- What this task involves
Drop all images. Then write out each line below exactly as given.

- Brief descriptive captions
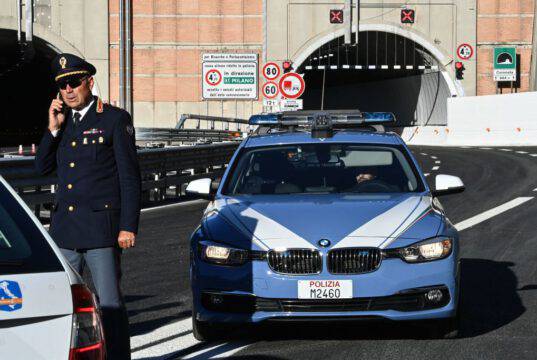 Il bambino che il padre voleva vendere sulla spiaggia ad Ostia è stato portato via dall’ospedale Il bambino che il padre voleva vendere sulla spiaggia ad Ostia è stato portato via dall’ospedale
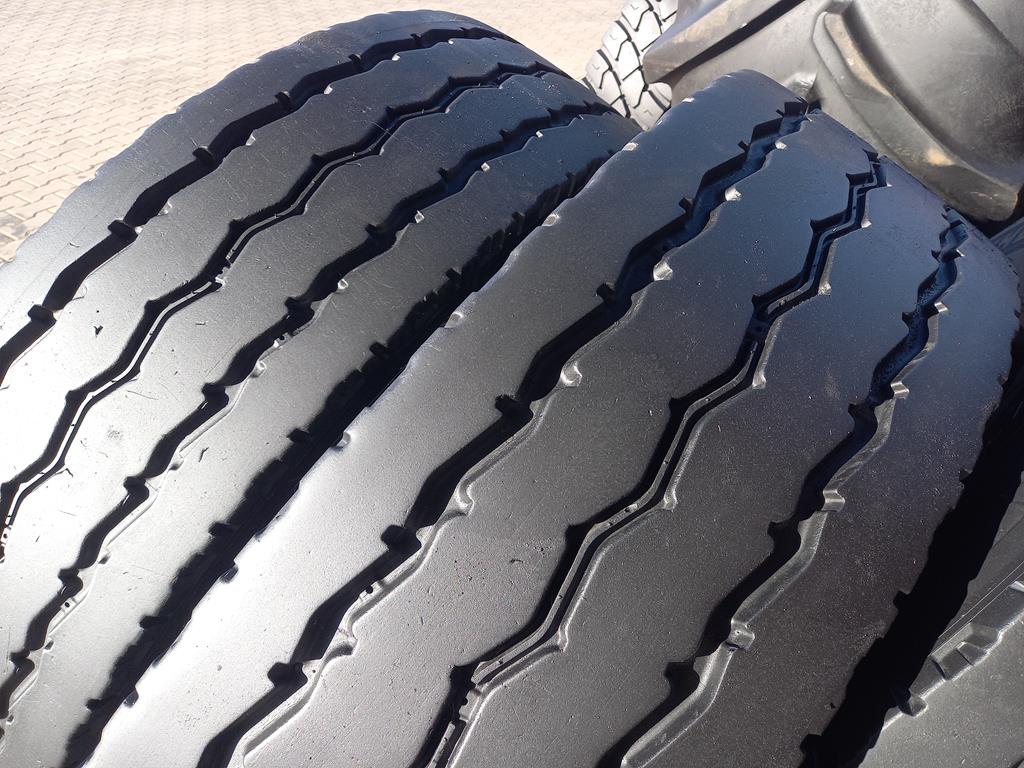 2x2 Opony używane ciężarowe 13R22.5 MICHELIN XWORKS 800zł C2827 - obrazek 14
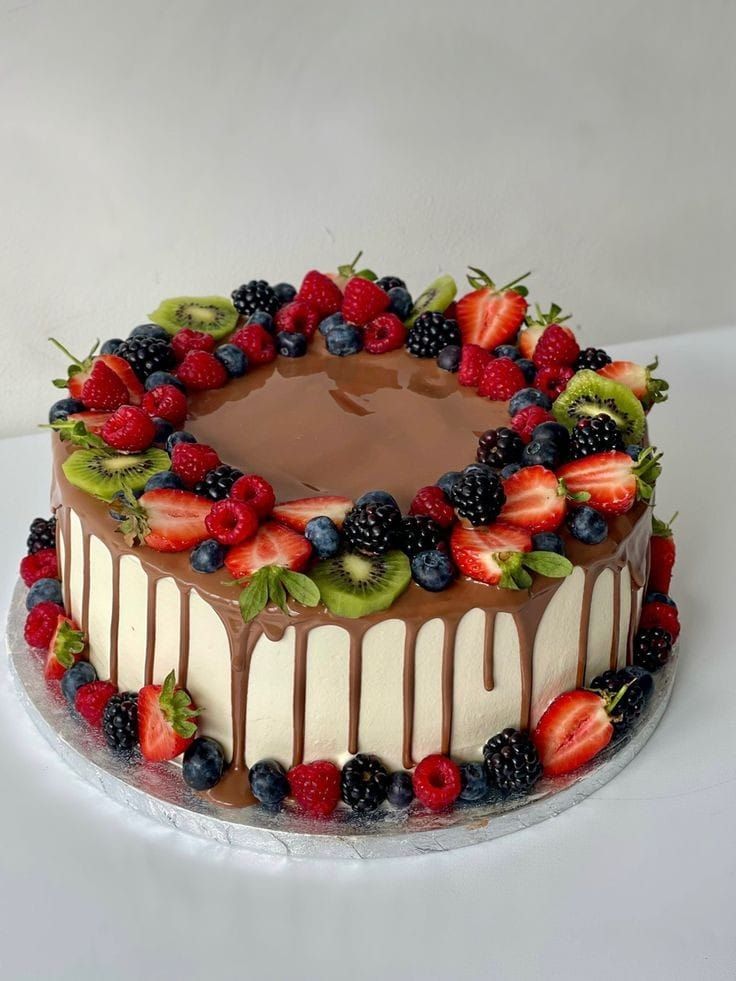 cake image of 10" / 4" (£60)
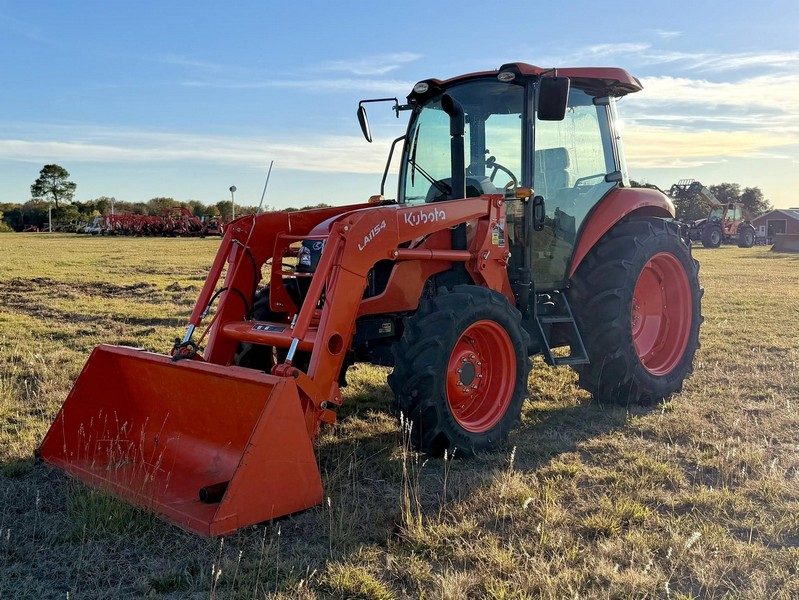 2023 Kubota M7060HDC photo 14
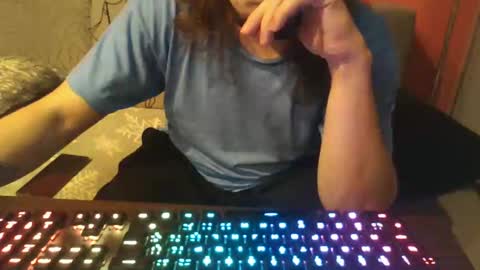 Snapshot of shalalatralala chatting on 12/22/24, 10:15 Shalalatralala SF online show from 12/22/24, 10:15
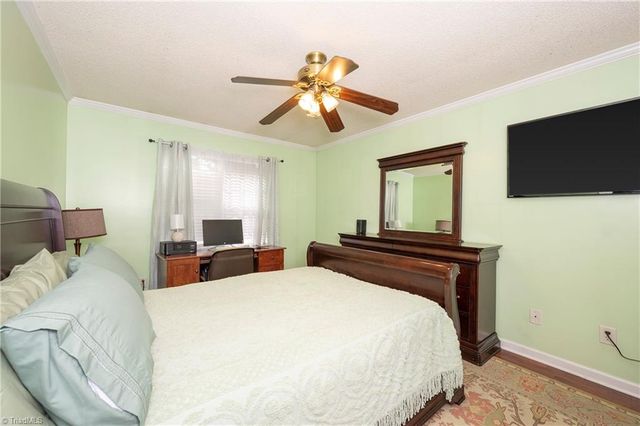 217 Williamsgate Court, Winston-salem, NC 27107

- Task output
 Il bambino che il padre voleva vendere sulla spiaggia ad Ostia è stato portato via dall’ospedale Il bambino che il padre voleva vendere sulla spiaggia ad Ostia è stato portato via dall’ospedale
 2x2 Opony używane ciężarowe 13R22.5 MICHELIN XWORKS 800zł C2827 - obrazek 14
 cake image of 10" / 4" (£60)
 2023 Kubota M7060HDC photo 14
 Snapshot of shalalatralala chatting on 12/22/24, 10:15 Shalalatralala SF online show from 12/22/24, 10:15
 217 Williamsgate Court, Winston-salem, NC 27107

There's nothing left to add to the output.